FFRP : La rubrique « Les itinéraires et l’environnement / Les idées rando » du site internet de la Fédération Française de Randonnée Pédestre vous permet de rechercher les itinéraires de randonnée balisés en France. C’est un outil clair, facile à utiliser, pratique et qui intègre des cartes. Lien : http://www.ffrandonnee.fr/les-itineraires-et-l-environnement/les-idees-rando.aspx

TraceGPS.com : Ce site permet de chercher des itinéraires de randonnée sur toute la France, d’afficher ces itinéraires sur des cartes, de les visualiser en 3 dimensions dans Google Earth et même de télécharger les traces GPS. Il est d’ailleurs possible d’y ajouter vos propres traces GPS. Au premier abord, le site n’est peut-être pas très clair et très intuitif d’utilisation, mais on s’habitue rapidement. Lien :http://www.tracegps.com/fr/reccircuit.htm

RandoGPS : Ce site est dans le même esprit que le précédent. Lien : http://www.randogps.net/

AltitudeRANDO : C’est un site assez esthétique, assez facile à utiliser et qui regroupe un bon nombre d’itinéraires de randonnée. Il est possible de rechercher un itinéraire rando à l’aide de la carte (lien ci-dessous) ou à l’aide d’autres critères se trouvant dans la barre horizontale en haut du site (« Les massifs », « Grandes randonnées », « Rando lacs » et « Les sommets mythiques »). Lien : http://www.altituderando.com/spip.php?page=carte-des-topos

Camptocamp : Ce site permet de trouver des itinéraires pour tout type d’activités en plein air dans différentes régions du monde (souvent montagneuses). Il vous suffit de cocher « Randonnée pédestre » si c’est ce qui vous intéresse. Lien : http://www.camptocamp.org/routes/filter

I-trekkings : Ce site regroupe des carnets de trekking du monde entier.
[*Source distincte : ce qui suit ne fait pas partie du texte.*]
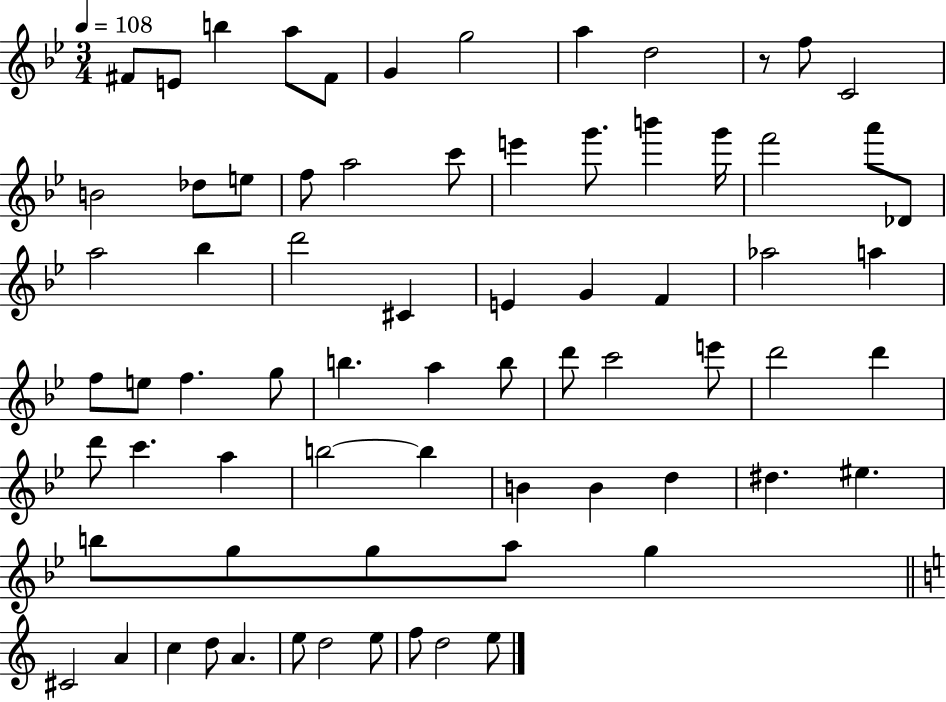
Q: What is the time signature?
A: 3/4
A travers leurs carnets, agrémentés de commentaires et photos, les randonneurs partagent leurs anecdotes et conseils sur différents treks et randonnées. Lien : http://www.i-trekkings.net/dossiers/index.php

GR-infos : Un site qui regroupe les chemins de Grande Randonnée (GR) et quelques autres randonnées. Lien :http://www.gr-infos.com/gr-fr.htm

Bivouak.net : Vous y trouverez des topos de randonnée de différents massifs du monde. Lien :http://www.bivouak.net/topos/search.php?id_sport=2

Voici quelques autres sites en vrac qui pourraient aussi vous aider à trouver un itinéraire de rando :

ZeOutdoor : http://www.zeoutdoor.com/carte

Randozone : http://www.randozone.com/topos.php

Visorando : http://www.visorando.com/chercher-randonnee.html

Trek Magazine : http://www.trekmag.com/News/14

Rando-marche : http://www.rando-marche.fr/_111_16_randonnees

Nosrandos : http://www.nosrandos.fr/

Forums pour trouver une idée d’itinéraire de randonnée

L’avantage des forums est que vous y trouverez des informations utiles sur les itinéraires, des conseils et expériences d’autres randonneurs, ainsi que les dernières nouvelles à connaître (changement d’itinéraire, passages enneigés, refuge fermé, etc.). Vous pouvez également interagir avec d’autres randonneurs si vous avez des questions ou des doutes.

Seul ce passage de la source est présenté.